Making it easy
                                    
                                    Blitz Bureau
NEW DELHI: It’s not clear whether the Trump administration’s decision to impose sanctions on two Russian oil companies was taken after back-channel deliberations with India, but the move will compel private refiners in the country to either halt or substantially reduce their imports of crude oil from Russia. In fact, India’s public sector refiners, too, must ensure no direct purchases are made from Rosneft and Lukoil though they could continue to buy Russian oil from traders, mostly European and outside the sanctions net. In all, India buys about 1.5 million barrels per day of oil from Russia, which is around 35 per cent of the country’s total imports.
President Trump has been demanding for some time now that India halt purchases of Russian crude altogether. The sanctions have made it easier for the Indian Government to start doing it. So far, the Government’s stance has been that India would buy crude oil from whichever market it wants to. But now there is a valid reason for paring imports from Russia. External Affairs Ministry officials have been saying that the country needed to ensure stable energy prices and it would diversify energy sources “as appropriate”. With Trump also saying that the discontinuation of oil imports “is a process”, experts believe the US might now be more inclined to finalise a bilateral trade deal with India.
Now there is a valid reason for paring oil imports from Russia
 
By one estimate, substituting Russian oil with imports from other nations could cost $2.7 billion, taking the import bill up by 2 per cent as against the amount spent in the financial year 2024-25, if prices hold at these levels. Brent prices spiked to near $66 per barrel following widespread concern over the sanctions, but the gains were reversed somewhat the next day. Russia currently exports 5 million barrels a day of crude oil but experts say supplies are adequate for the moment.
Of course, any further escalation in geopolitical tensions could disrupt the market taking prices up. The good news is that an official of the Organisation of Petroleum Exporting Countries (OPEC) has indicated that the cartel would be ready to increase supplies, if needed, by the time of a scheduled ministerial meeting in late November, though he has cautioned that there has been “no official agreement or discussion” on the issue.
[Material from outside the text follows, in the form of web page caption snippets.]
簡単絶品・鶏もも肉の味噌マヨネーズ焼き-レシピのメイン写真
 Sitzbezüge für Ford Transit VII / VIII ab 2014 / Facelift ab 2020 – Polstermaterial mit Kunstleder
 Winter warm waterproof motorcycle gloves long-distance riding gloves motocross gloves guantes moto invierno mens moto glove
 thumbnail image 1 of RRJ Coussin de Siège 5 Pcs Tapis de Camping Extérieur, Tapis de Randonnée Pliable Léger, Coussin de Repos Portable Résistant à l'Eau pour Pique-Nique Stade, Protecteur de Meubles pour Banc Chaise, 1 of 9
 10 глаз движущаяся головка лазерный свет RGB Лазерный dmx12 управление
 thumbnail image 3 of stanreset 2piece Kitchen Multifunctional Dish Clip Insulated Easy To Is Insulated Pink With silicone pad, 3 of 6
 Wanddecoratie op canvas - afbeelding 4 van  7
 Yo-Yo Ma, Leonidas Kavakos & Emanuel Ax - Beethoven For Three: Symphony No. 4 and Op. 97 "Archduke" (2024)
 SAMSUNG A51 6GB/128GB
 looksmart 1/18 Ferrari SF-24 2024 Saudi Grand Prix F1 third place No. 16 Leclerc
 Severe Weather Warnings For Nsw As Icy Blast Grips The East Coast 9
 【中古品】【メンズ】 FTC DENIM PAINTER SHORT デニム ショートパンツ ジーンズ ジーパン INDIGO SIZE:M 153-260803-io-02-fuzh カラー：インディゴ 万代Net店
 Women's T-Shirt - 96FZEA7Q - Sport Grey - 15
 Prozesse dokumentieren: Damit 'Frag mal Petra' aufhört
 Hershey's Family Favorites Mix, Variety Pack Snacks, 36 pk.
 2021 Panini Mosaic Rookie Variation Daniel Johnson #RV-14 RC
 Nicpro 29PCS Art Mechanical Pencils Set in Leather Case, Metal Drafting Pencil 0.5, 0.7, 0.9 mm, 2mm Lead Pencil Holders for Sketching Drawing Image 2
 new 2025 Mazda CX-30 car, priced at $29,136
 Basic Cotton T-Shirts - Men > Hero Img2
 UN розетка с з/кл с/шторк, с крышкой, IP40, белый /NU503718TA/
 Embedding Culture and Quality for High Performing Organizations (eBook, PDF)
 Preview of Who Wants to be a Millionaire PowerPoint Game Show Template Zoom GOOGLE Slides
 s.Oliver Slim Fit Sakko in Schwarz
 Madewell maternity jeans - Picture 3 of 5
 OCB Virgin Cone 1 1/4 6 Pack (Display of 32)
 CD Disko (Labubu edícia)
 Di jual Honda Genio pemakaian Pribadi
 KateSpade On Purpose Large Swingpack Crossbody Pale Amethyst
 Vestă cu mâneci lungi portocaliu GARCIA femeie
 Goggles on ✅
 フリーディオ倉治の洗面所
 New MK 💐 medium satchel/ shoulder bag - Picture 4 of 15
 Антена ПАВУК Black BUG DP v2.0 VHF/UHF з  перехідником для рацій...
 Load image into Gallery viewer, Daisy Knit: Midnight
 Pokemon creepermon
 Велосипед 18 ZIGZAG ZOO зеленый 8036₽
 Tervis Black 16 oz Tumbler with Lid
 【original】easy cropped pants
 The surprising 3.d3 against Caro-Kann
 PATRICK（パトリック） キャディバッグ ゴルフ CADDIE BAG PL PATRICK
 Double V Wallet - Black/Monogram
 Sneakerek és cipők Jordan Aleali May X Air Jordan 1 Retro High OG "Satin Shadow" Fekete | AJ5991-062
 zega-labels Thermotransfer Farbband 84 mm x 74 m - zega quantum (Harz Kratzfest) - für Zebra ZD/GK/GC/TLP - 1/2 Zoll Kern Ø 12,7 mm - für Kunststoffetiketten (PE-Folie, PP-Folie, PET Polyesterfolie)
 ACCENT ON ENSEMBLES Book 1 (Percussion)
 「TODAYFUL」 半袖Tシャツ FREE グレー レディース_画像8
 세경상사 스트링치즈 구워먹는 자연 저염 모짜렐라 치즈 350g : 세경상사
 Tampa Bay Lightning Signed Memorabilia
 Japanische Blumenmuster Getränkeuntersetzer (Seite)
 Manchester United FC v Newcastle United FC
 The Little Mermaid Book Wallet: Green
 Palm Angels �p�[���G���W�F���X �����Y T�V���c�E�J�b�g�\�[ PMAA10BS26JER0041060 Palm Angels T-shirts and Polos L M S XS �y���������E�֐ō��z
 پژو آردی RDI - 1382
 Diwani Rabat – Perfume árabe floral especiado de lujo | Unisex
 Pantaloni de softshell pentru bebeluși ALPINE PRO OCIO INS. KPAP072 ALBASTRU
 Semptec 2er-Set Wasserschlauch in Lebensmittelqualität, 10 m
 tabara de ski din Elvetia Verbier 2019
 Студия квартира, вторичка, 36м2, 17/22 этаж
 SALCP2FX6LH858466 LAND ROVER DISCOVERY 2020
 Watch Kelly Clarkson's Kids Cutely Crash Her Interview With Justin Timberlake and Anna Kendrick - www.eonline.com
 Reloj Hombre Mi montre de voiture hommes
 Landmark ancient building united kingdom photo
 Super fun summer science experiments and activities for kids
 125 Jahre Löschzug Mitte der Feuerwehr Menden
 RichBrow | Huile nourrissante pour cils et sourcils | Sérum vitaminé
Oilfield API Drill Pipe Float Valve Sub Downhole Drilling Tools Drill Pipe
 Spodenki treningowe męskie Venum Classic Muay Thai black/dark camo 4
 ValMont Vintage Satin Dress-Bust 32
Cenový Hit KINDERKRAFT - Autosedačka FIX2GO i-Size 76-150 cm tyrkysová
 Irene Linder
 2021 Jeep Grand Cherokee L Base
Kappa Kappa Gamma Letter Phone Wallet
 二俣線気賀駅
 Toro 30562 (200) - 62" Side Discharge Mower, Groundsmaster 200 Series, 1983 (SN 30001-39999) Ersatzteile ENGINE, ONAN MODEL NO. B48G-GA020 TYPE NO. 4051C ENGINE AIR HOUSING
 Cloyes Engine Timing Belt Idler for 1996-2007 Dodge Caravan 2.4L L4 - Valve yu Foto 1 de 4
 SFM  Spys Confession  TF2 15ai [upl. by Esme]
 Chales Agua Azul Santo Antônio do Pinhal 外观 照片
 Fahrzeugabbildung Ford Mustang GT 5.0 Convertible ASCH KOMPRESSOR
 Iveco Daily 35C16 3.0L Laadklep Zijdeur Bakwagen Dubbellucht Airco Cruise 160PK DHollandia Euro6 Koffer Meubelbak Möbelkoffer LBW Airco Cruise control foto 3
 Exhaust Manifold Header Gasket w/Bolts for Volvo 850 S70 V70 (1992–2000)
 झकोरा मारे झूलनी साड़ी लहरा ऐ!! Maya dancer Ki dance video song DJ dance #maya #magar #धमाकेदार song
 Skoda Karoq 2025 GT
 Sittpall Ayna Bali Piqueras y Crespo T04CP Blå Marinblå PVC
For India, a trade pact with the US would outweigh losses from a bigger oil import bill, especially if US tariffs are finalised at 15-16 per cent as is being talked about. Already, the country’s exports to the US have fallen 12 per cent in September, and labour-intensive sectors are understood to have been badly impacted. India’s total exports of gems and jewellery, for instance, slowed to 0.4 per cent year-on-year (y-o-y) in September versus 15.6 per cent y-o-y in August. A recovery in exports to the US would ease the pressure on the trade deficit and the currency, cushioning the impact of a bigger oil bill.
Trump’s renewed emphasis on sanctions reflects both his instinct for negotiation through pressure and his reluctance towards military involvement. Yet, the policy also risks collateral consequences for allies and partners. For India, this phase presents a test of its diplomatic agility. While it continues to champion dialogue and peace, its heavy dependence on imported energy remains an Achilles’ heel.